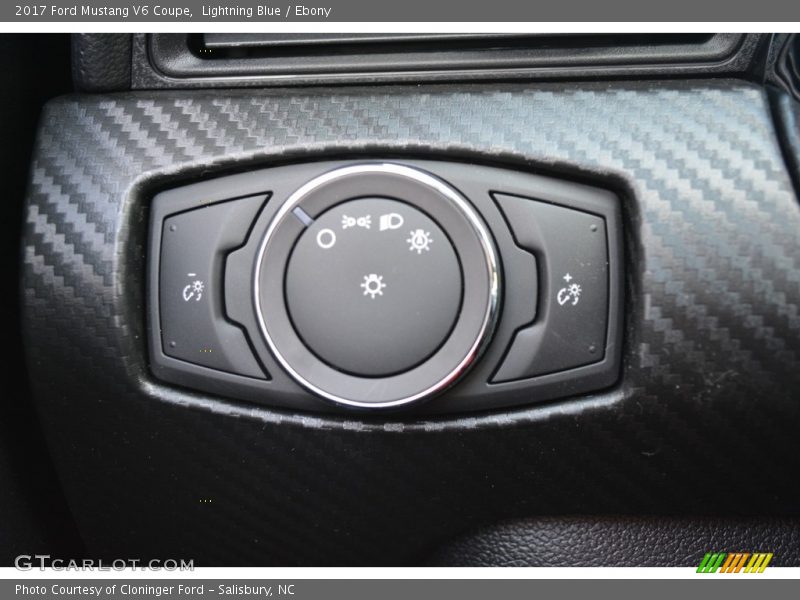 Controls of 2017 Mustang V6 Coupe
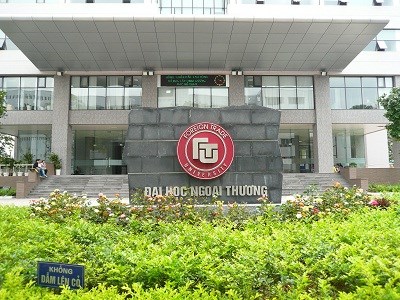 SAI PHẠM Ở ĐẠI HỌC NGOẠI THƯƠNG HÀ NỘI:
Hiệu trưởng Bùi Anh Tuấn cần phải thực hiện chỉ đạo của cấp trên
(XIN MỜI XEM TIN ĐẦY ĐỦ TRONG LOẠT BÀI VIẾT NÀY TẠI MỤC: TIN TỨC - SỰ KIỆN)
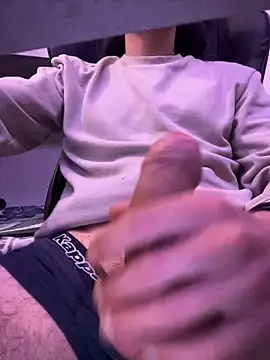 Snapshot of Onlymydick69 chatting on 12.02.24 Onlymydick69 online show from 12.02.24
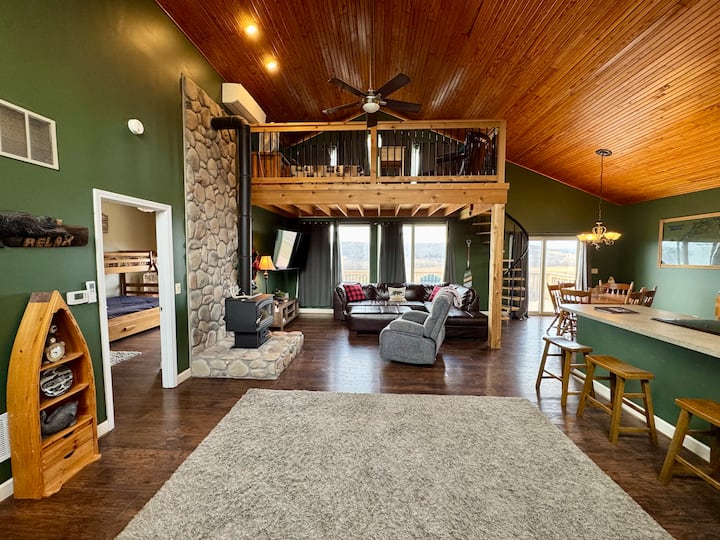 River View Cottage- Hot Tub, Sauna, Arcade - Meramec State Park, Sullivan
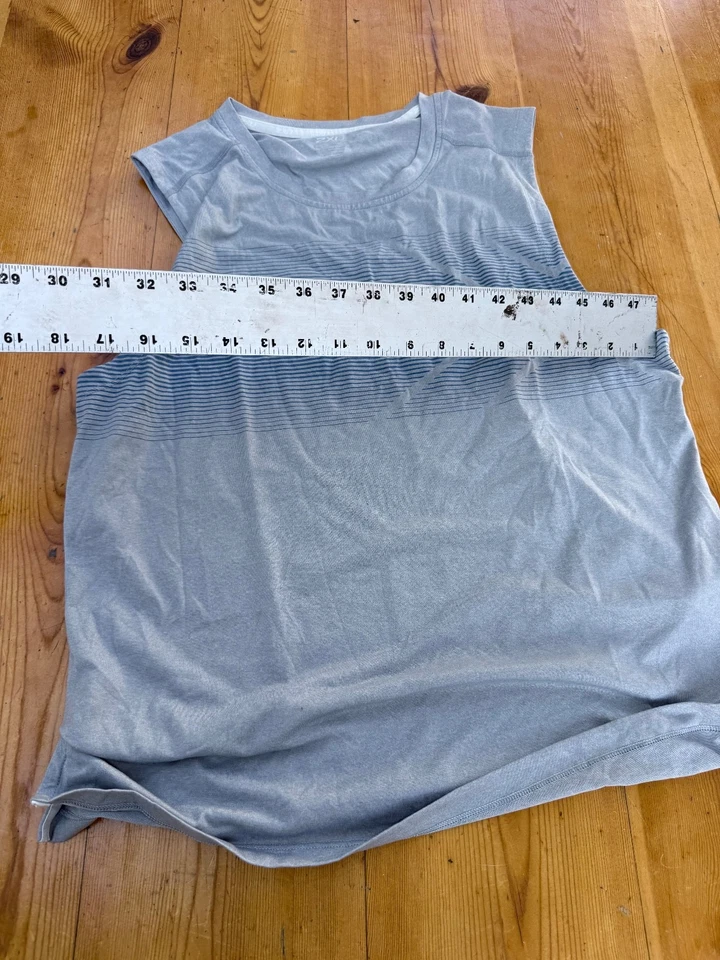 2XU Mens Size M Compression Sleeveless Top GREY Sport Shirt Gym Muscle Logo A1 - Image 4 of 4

--

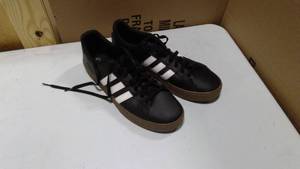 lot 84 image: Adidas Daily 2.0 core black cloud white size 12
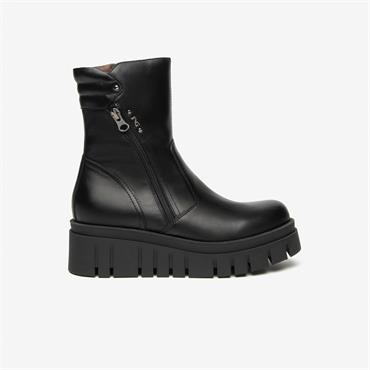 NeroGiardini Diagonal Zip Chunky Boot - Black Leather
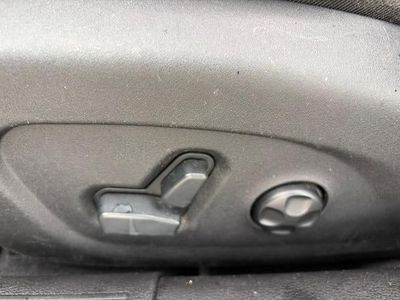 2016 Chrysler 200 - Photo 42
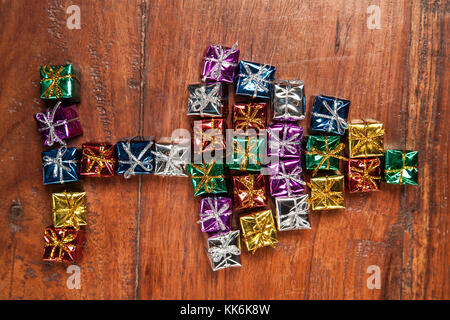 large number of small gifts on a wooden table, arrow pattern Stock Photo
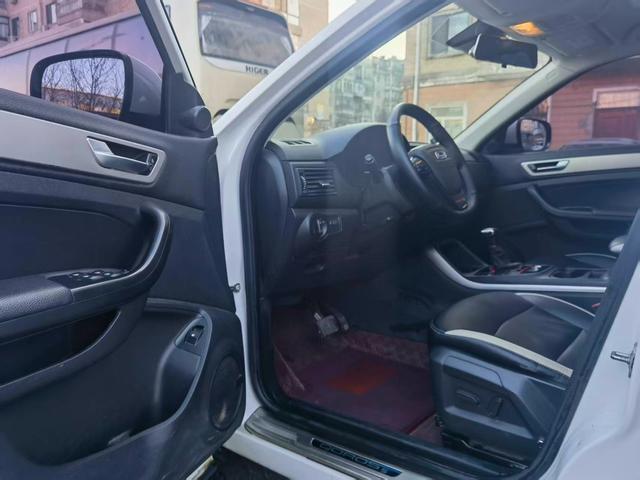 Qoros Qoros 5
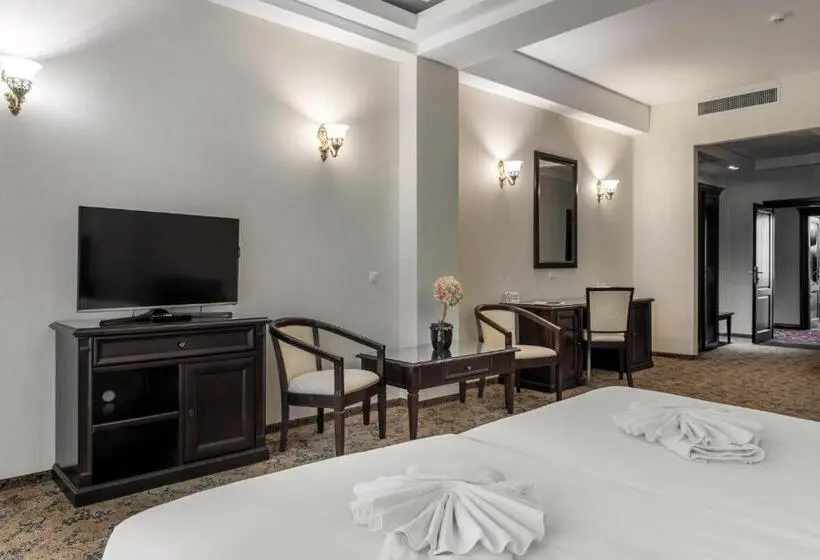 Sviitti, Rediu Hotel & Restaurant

---

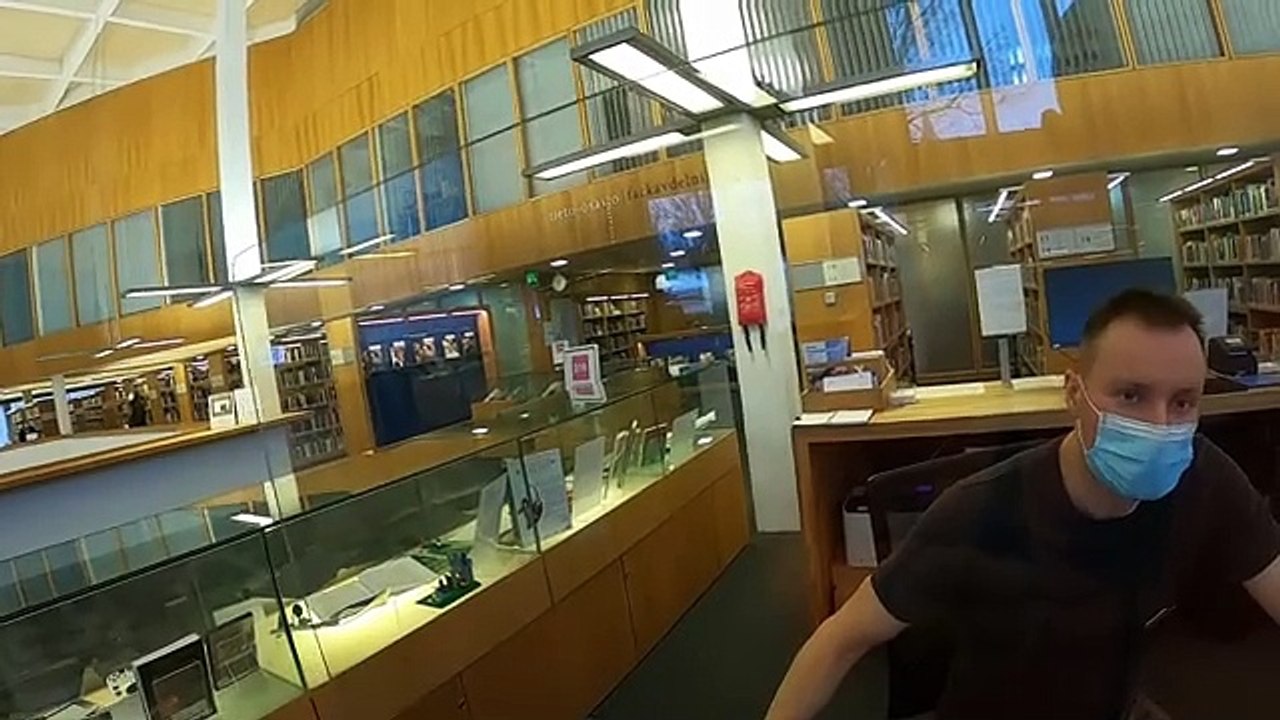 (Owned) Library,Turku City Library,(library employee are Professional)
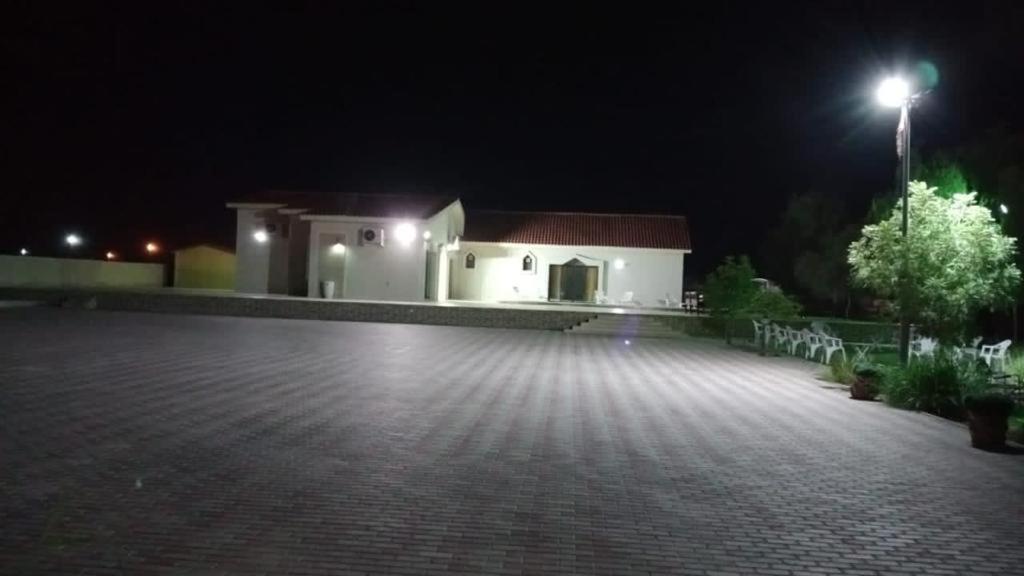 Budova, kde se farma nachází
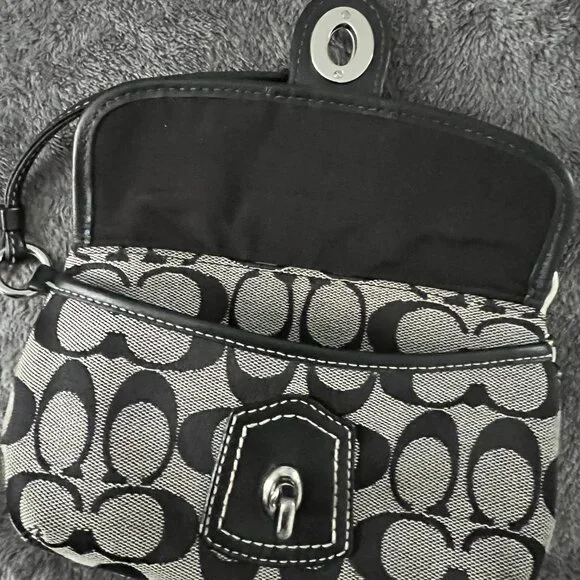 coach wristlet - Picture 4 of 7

| EXERCISE BRIEF |
What you return must match the lines above from the one with "Budova, kde se farma nachází" through the one with "coach wristlet - Picture 4 of 7" exactly, with both ends included and the pictures excluded.

| THE COMPLETED TASK |
 Budova, kde se farma nachází
 coach wristlet - Picture 4 of 7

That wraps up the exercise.